* [Problem details]:
Report every line in the records below that holds the word "your".

* [Given data]:

===============

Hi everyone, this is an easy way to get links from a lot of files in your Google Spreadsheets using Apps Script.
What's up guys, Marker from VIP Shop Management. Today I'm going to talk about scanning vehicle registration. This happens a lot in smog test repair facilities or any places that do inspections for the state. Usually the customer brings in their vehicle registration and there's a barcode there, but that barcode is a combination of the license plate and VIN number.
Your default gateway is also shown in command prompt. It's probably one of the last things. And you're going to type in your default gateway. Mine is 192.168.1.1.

===============

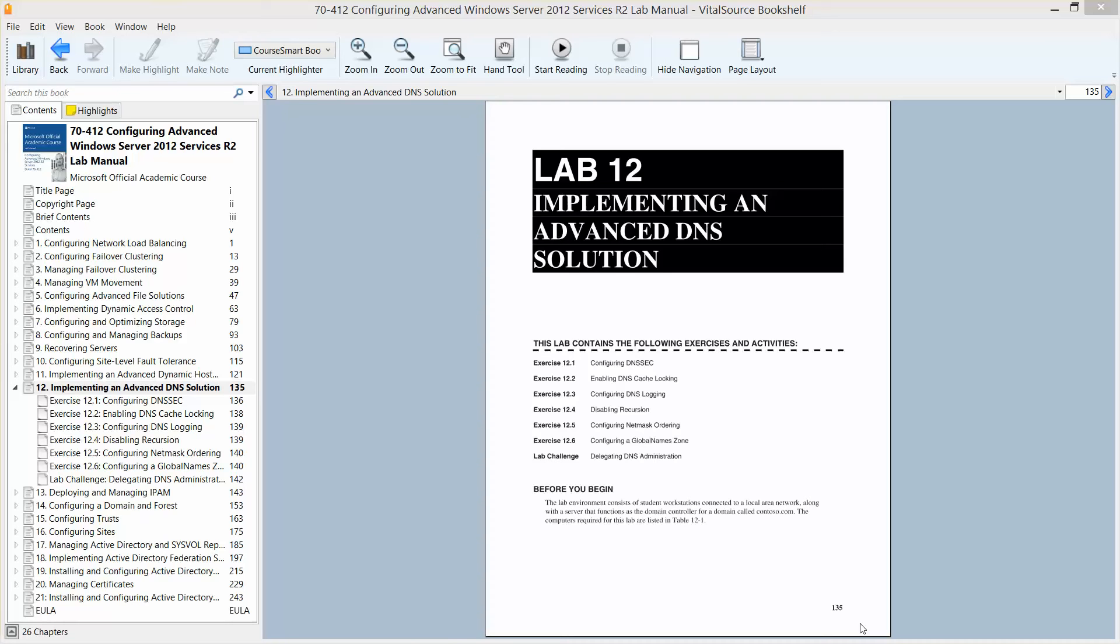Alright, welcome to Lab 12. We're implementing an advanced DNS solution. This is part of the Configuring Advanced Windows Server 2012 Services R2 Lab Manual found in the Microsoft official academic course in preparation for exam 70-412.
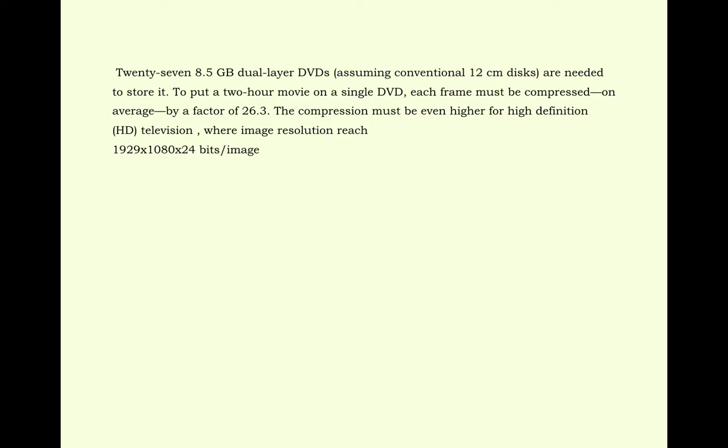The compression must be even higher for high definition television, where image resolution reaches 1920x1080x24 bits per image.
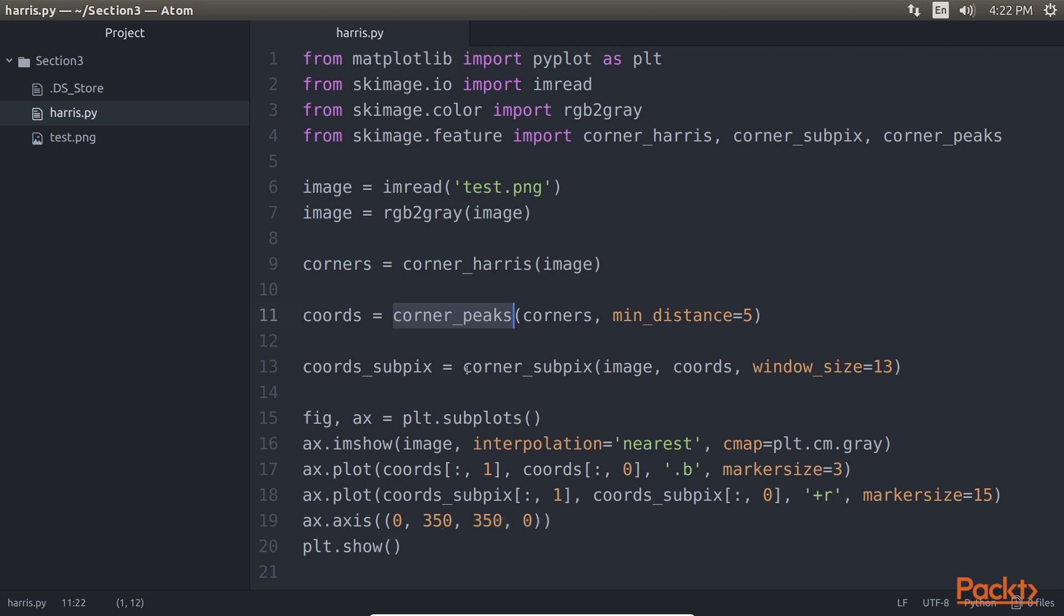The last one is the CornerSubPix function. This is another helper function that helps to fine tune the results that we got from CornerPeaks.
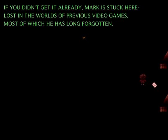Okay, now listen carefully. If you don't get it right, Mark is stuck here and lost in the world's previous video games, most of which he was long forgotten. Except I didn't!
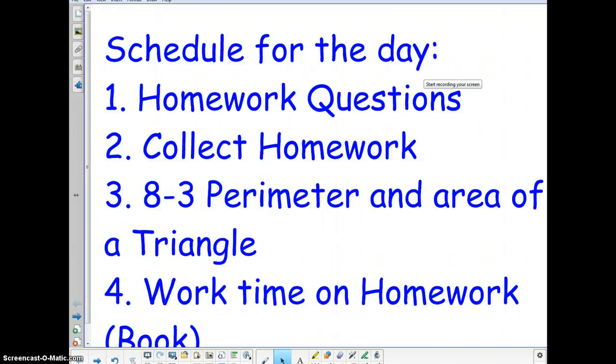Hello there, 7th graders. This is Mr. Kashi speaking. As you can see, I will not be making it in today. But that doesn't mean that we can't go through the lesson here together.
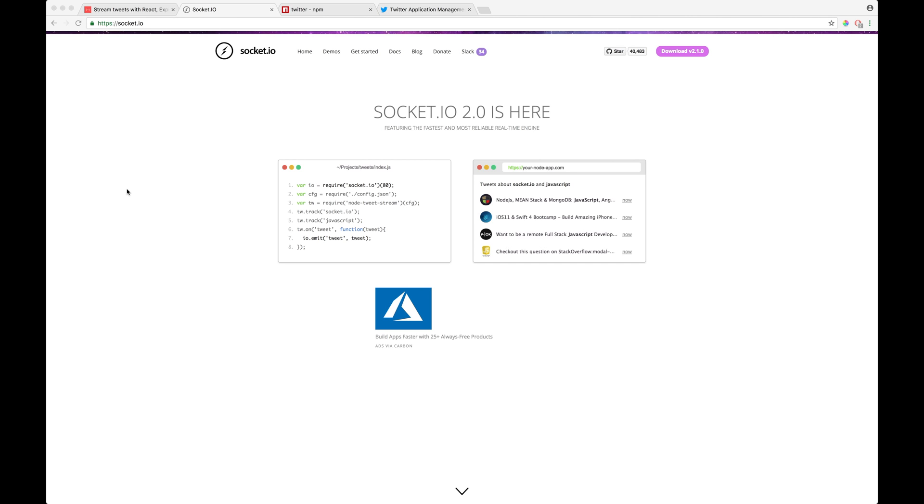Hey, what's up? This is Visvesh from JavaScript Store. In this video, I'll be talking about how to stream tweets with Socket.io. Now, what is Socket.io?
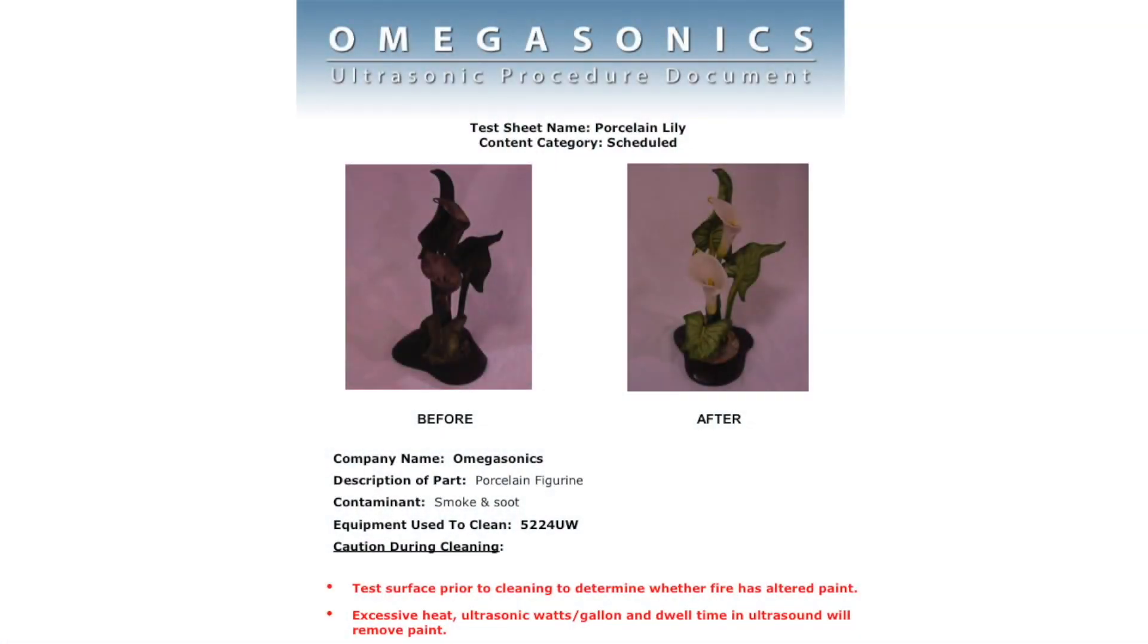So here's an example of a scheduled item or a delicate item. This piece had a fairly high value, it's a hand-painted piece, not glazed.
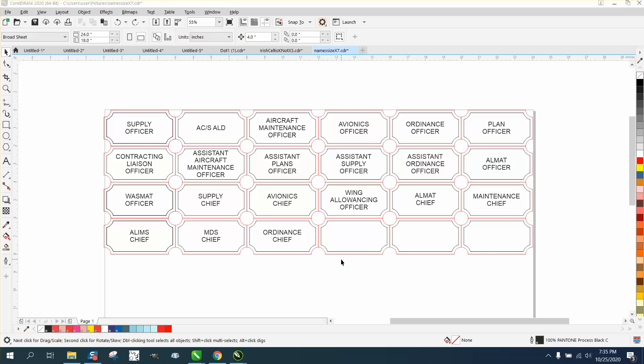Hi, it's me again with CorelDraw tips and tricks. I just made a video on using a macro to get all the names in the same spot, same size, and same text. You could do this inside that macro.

===============

* [Task answer]:
Hi everyone, this is an easy way to get links from a lot of files in your Google Spreadsheets using Apps Script.
Your default gateway is also shown in command prompt. It's probably one of the last things. And you're going to type in your default gateway. Mine is 192.168.1.1.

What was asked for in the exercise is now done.